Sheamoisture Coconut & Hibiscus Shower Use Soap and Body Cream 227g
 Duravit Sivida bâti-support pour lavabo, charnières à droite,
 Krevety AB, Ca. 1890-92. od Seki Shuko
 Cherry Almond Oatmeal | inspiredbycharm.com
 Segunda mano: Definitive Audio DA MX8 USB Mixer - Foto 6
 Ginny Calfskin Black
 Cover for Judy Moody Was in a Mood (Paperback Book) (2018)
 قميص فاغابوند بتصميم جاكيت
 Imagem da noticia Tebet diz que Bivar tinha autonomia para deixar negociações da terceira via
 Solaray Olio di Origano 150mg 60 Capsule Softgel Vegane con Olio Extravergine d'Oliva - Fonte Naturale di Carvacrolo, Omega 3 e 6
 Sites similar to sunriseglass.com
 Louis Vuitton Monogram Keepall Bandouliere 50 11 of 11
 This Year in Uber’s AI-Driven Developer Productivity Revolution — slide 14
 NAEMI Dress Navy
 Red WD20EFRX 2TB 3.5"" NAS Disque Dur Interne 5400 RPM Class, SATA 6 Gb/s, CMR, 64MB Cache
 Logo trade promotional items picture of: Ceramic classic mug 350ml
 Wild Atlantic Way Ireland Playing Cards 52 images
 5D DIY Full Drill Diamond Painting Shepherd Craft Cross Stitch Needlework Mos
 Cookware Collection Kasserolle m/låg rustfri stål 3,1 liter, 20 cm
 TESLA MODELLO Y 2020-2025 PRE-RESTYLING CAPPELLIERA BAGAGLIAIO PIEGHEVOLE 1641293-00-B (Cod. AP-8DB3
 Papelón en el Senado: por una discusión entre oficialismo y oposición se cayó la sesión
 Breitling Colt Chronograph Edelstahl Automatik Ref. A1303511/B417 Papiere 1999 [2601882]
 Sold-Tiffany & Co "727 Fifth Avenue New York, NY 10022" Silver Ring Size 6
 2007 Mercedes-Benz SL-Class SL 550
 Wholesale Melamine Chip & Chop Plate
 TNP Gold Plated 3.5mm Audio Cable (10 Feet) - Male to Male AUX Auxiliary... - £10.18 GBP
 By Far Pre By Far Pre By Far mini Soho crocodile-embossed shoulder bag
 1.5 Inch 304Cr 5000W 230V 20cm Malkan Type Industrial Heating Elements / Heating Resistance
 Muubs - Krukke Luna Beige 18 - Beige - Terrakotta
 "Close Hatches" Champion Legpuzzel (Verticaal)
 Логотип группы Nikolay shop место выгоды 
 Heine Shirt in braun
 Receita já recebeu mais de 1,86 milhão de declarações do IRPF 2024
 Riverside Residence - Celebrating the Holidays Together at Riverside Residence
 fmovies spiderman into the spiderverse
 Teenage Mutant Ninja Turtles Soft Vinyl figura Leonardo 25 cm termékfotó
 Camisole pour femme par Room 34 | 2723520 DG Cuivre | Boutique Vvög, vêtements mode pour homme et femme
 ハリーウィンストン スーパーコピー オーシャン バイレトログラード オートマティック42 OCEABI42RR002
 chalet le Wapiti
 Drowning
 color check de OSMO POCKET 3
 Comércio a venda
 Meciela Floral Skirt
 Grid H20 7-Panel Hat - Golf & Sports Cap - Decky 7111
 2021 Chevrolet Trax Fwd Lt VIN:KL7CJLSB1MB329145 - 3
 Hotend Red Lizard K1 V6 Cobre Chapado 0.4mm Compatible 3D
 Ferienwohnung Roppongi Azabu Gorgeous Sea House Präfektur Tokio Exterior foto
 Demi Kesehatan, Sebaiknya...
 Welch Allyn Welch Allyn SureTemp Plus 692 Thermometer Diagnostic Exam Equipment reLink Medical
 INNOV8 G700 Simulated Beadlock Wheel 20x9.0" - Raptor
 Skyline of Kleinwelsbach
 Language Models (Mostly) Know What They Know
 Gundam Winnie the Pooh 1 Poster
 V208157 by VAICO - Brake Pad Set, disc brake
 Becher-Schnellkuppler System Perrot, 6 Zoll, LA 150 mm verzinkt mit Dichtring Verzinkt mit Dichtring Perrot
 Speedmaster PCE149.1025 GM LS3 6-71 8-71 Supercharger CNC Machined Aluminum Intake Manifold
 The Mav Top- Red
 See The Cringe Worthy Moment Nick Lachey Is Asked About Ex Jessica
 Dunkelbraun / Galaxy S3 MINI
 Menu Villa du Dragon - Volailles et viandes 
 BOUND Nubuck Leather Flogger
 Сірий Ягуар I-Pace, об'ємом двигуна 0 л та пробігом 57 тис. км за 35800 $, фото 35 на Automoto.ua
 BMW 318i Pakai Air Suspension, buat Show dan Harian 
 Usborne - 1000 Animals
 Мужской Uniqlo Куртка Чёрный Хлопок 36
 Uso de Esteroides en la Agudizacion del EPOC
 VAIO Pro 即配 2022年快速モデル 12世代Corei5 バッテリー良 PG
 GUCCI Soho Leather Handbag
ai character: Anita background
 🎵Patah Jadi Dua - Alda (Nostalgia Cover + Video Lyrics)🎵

### ASSIGNED TASK:
With the first line being the one containing "Logo trade promotional" and the last line the one containing "Papelón en el", transcribe exactly the lines above that fall in that range.

### TASK RESULT:
 Logo trade promotional items picture of: Ceramic classic mug 350ml
 Wild Atlantic Way Ireland Playing Cards 52 images
 5D DIY Full Drill Diamond Painting Shepherd Craft Cross Stitch Needlework Mos
 Cookware Collection Kasserolle m/låg rustfri stål 3,1 liter, 20 cm
 TESLA MODELLO Y 2020-2025 PRE-RESTYLING CAPPELLIERA BAGAGLIAIO PIEGHEVOLE 1641293-00-B (Cod. AP-8DB3
 Papelón en el Senado: por una discusión entre oficialismo y oposición se cayó la sesión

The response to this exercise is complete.